A questo si aggiunge la richiesta di condizioni minime contrattuali, in termini di compensi, tali da permettere un’autonoma progettualità di vita. Università e ricerca, ricordano i promotori del presidio, non sono solo motori di innovazione, ma anche presidi di coesione sociale e inclusione.

Ruolo dei sindacati e delle associazioni di categoria

Sindacati confederali e associazioni di categoria sono stati presenti al presidio, sostenendo le richieste e promuovendo campagne di sensibilizzazione. Gli obiettivi? Radicare a livello nazionale la battaglia per i diritti dei precari università e ottenere tavoli di confronto stabili con il Ministero dell’Università e della Ricerca.

Importante risulta anche il lavoro di connessione tra le differenti realtà universitarie: il movimento dei precari, nato dal basso, sta acquisendo dimensione nazionale grazie alle reti create tra vari atenei. Questo lavoro di coordinamento mira a rafforzare la rappresentanza e a costruire azioni comuni, dalle mobilitazioni alla redazione di proposte legislative condivise.

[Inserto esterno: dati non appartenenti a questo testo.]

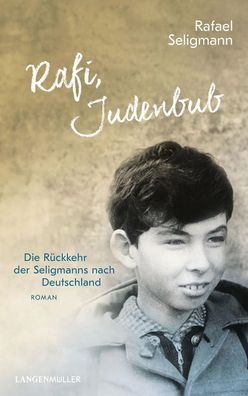 Rafi, Judenbub | Der Wiederaufstieg der Seligmanns | Rafael Seligmann | Buch
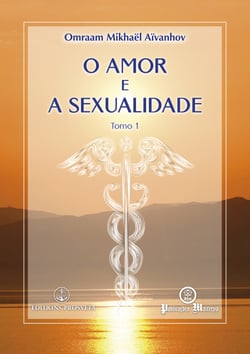 O amor e a sexualidade - (Tomo 1)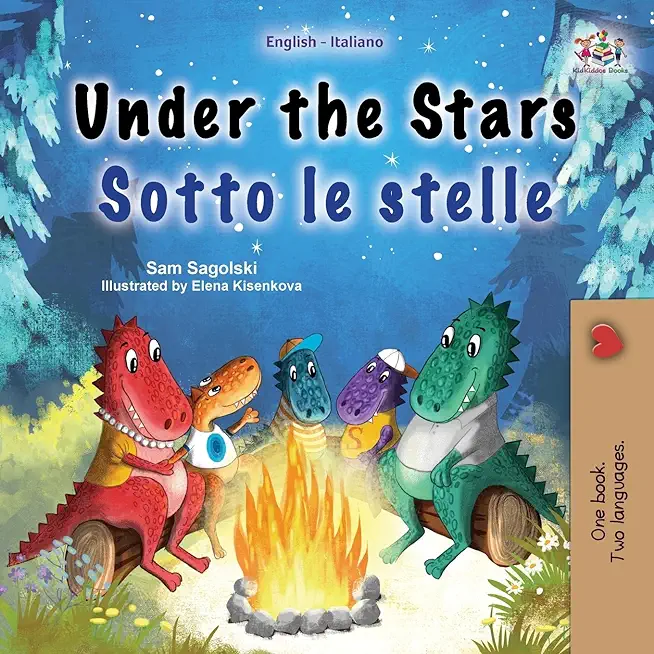 Under the Stars (English Italian Bilingual Children's Book): Bilingual children's book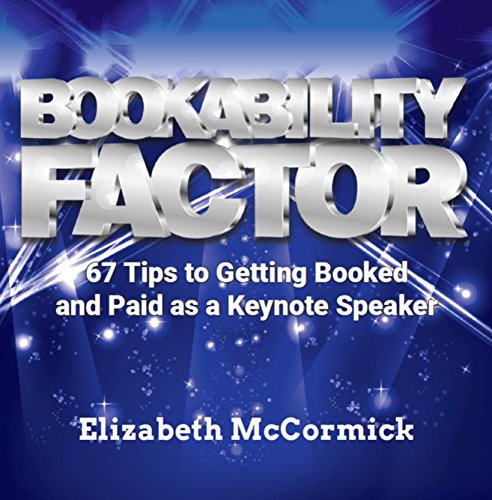 Imagen de archivo de Bookability Factor - 67 Tips to get You Booked and Paid as a Keynote Speaker a la venta por HPB-Red
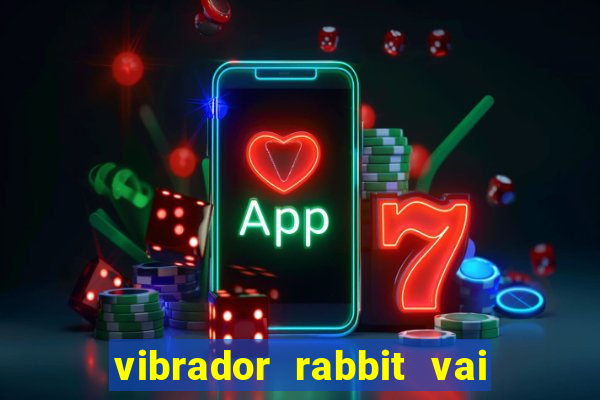 vibrador rabbit vai e vem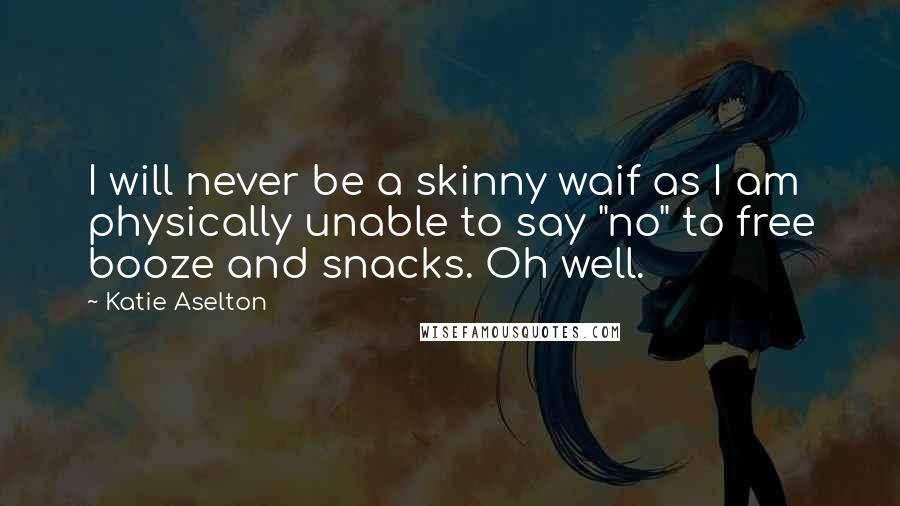 Katie Aselton Quotes: I will never be a skinny waif as I am physically unable to say "no" to free booze and snacks. Oh well.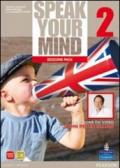 Speak your mind. Student's book-Workbook. Per le Scuole superiori. Con espansione online vol.2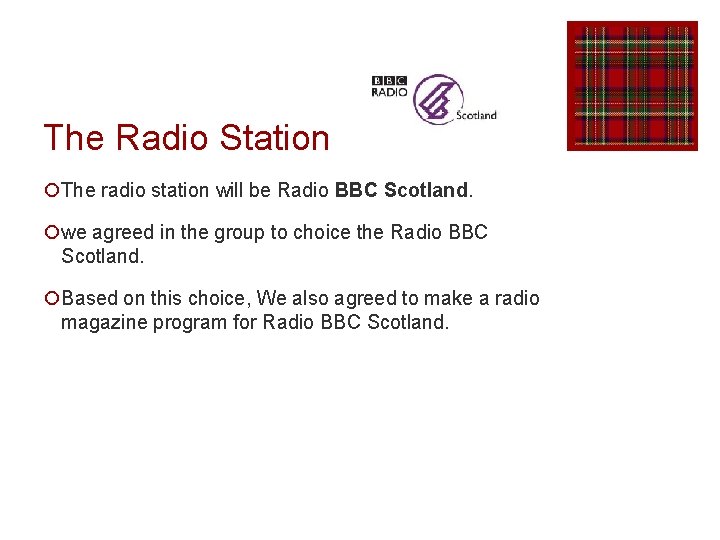 The Radio Station ¡The radio station will be Radio BBC Scotland. ¡we agreed in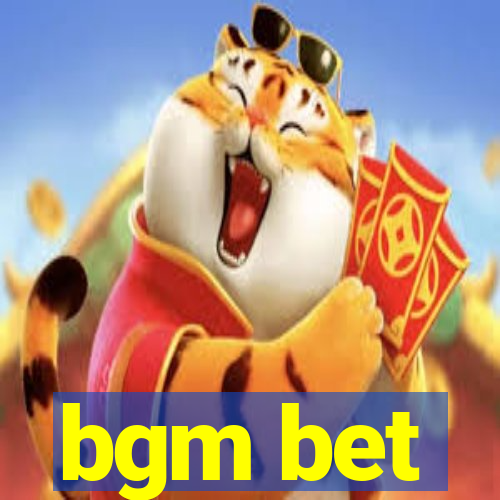 bgm bet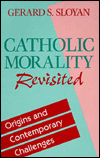 Title: Catholic Morality Revisited, Author: Gerard S. Sloyan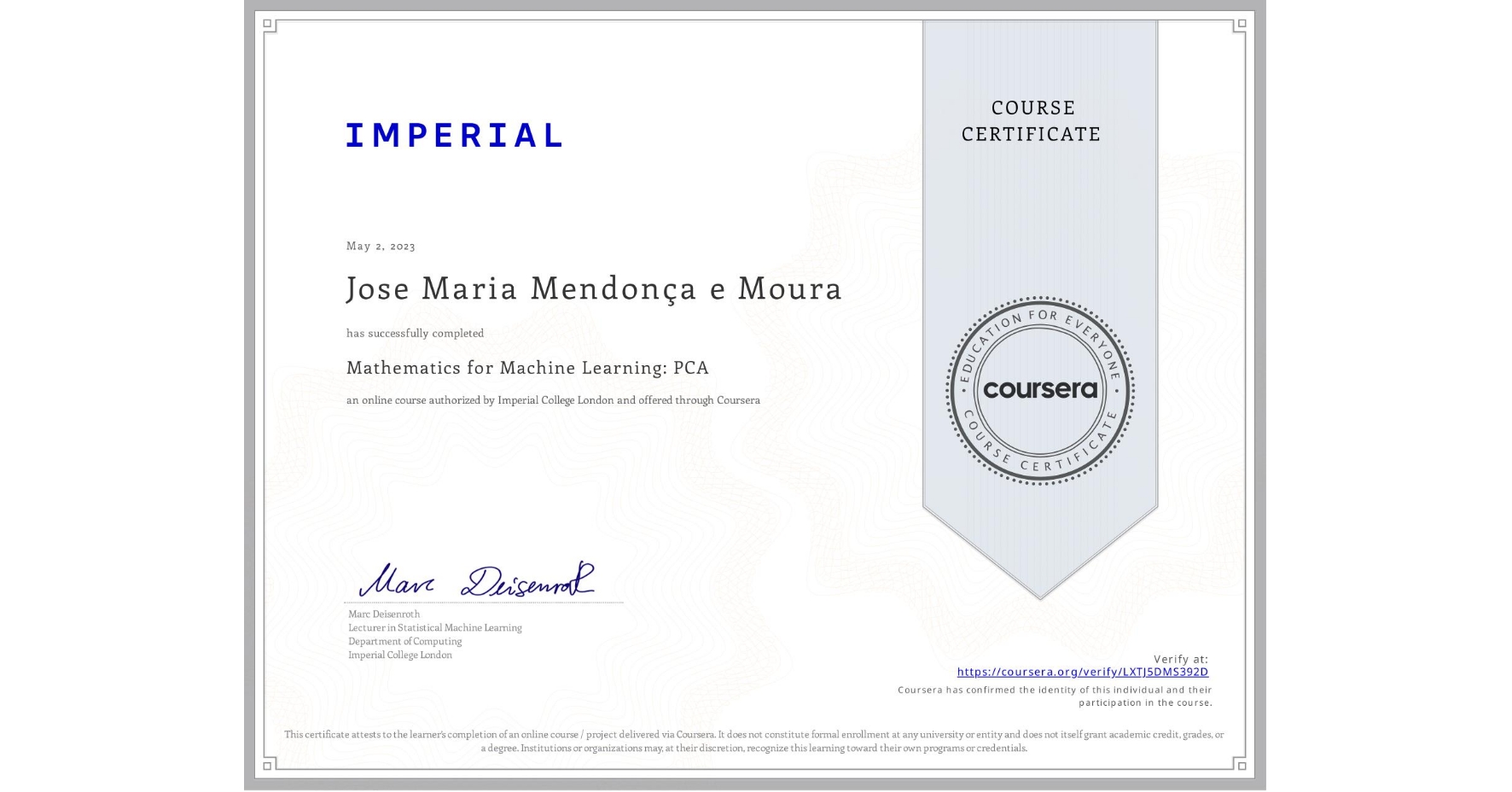 View certificate for Jose Maria  Mendonça e Moura, Mathematics for Machine Learning: PCA, an online non-credit course authorized by Imperial College London and offered through Coursera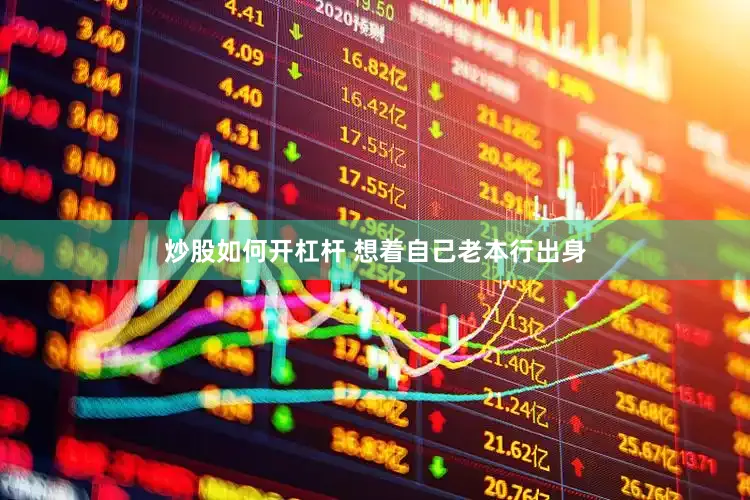 炒股如何开杠杆 想着自己老本行出身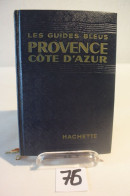 C76 Ouvrage Les Guides Bleus Cote D'azur Hachette Sud France 1960 - Côte D'Azur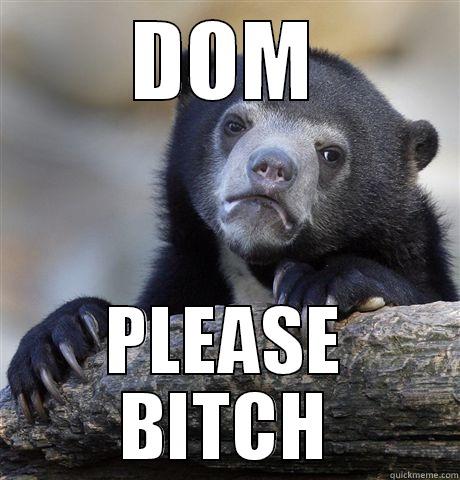 DOM PLEASE BITCH Confession Bear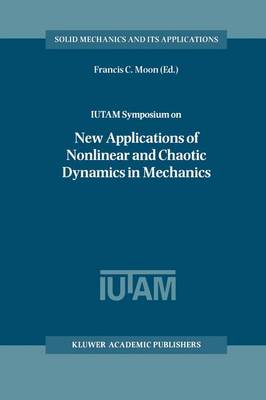 Book cover for Iutam Symposium on New Applications of Nonlinear and Chaotic Dynamics in Mechanics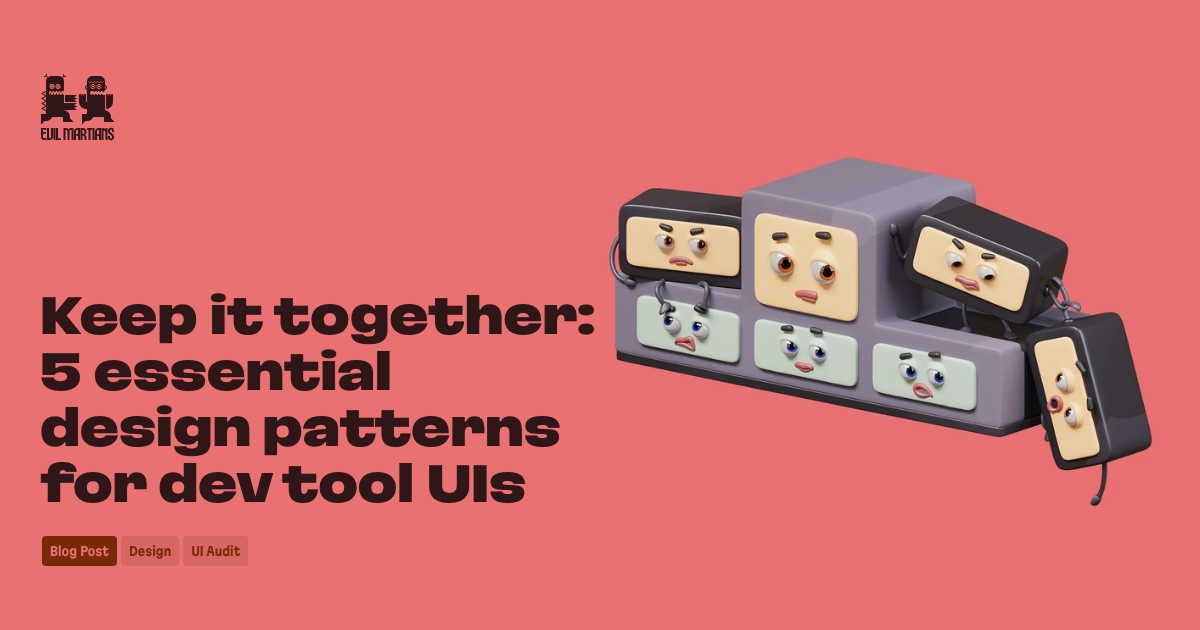 Keep it together: 5 essential design patterns for dev tool UIs (10 minute read)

Sintesi finale: una questione aperta

Il presidio dei precari università a Montecitorio rappresenta un momento di svolta nella discussione politica e sociale sulle condizioni del lavoro accademico in Italia. Al di là della contingenza legata all’emendamento Occhiuto-Cattaneo, la protesta rilancia una questione strutturale: è possibile progettare il futuro della ricerca pubblica senza garantire diritti minimi e dignità a chi la svolge?

La risposta, in termini di interesse pubblico e di efficacia delle politiche, non può essere elusa. Il presidio ha restituito centralità a un tema troppo spesso sottovalutato: la necessità che l’Italia investa in modo strutturale, non solo per trattenere i propri giovani ma per rilanciare innovazione e conoscenza. In assenza di risposte adeguate, il rischio è quello di perdere una generazione di innovatori e di lasciare l’università italiana priva delle sue risorse più preziose.

Una questione aperta, quindi, che richiede coraggio e visione da parte di politica e istituzioni.